Table 6. Minimal annotation standards and guidelines accepted At 2010 NCBI genome annotation workshop1

From: Solving the Problem: Genome Annotation Standards before the Data Deluge

1. A complete prokaryotic genome should have:

a. set of ribosomal RNAs (at least one each 5S, 16S, 23S)

b. a set of tRNAS (at least one each for each amino acid)

c. protein-coding genes at expected density (not all named ‘hypothetical protein’ and all core genes annotated)

2. Annotations should follow INSDC submission guidelines:

Annotation standards should follow feature table format and submission guidelines (GenBank/ENA/DDBJ - Table 1)

a. prior to genome submission a submitted Bioproject record with a registered locus_tag prefix is required and the genome record should contain the Bioproject ID. All proper features should have genes and locus_tags

b. the genome submission should be valid according to feature table documentation and follow the standards

3. Methodologies and SOPs (Standard Operating Procedures):

Information about SOPs and additional meta data can be provided in a structured comment with more specific information about experimental or inference support provided on annotated features (see Table 2).

4. Exceptions:

Exceptions (unusual annotations, annotations not within expected ranges - see Table 1) should be documented on the genome record and strong supporting evidence should be provided.

5. Pseudogenes:

Annotated pseudogenes should follow the accepted formats (see Table 4).
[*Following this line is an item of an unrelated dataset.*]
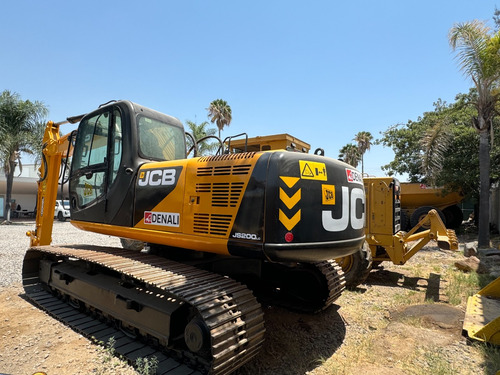 Excavadora Jcb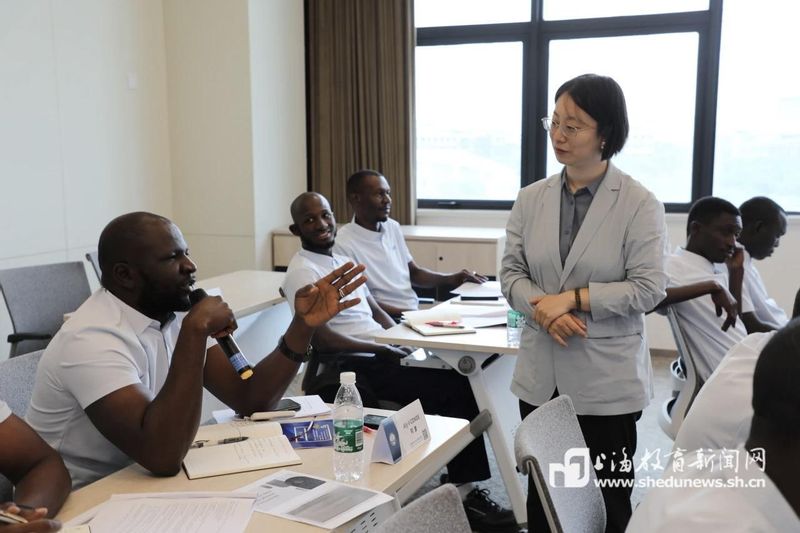 丝路通海 聚力远航 上海海事大学经济管理学院江苏港口马瑞巴亚港几内亚籍员工专项培训班结业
6. Additional/enriched annotations:

Additional (enriched) annotations should follow INSDC guidelines, and be documented as above (SOPs and evidence).

7. Catalog of reputable annotation guidelines, software, and pipelines:

This non-exhaustive list of reliable software, sources, and databases for the production of microbial genome annotation is a useful community resource that aids in producing high quality genome annotation (Table 1).
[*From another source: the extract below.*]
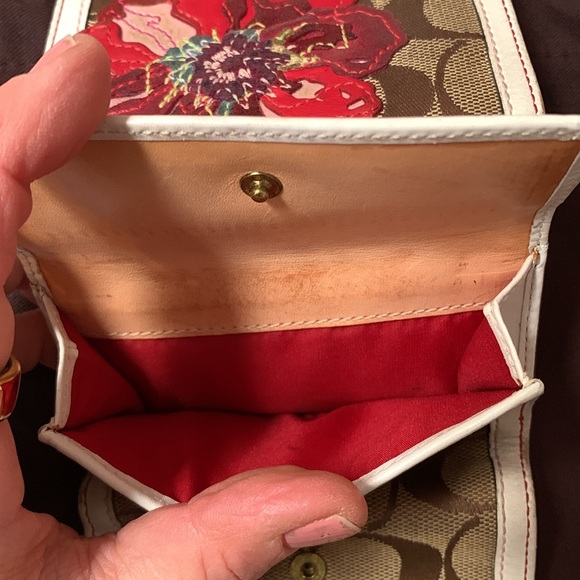 Coach Monogram Poppy wallet - Picture 5 of 14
8. Validation checks and annotation measures:

Validation checks should be done prior to the submission of a new genome record. NCBI has already provided numerous tools to validate and ensure correctness of annotation and additional checks and reports will be put in place to ensure minimal standards are met (see Table 1).

  1. 1 Guidelines were created for complete genomes (all replicons closed to single contigs). In some cases the minimal set of annotations will not be found on draft genomes, but the guidelines for annotation still apply.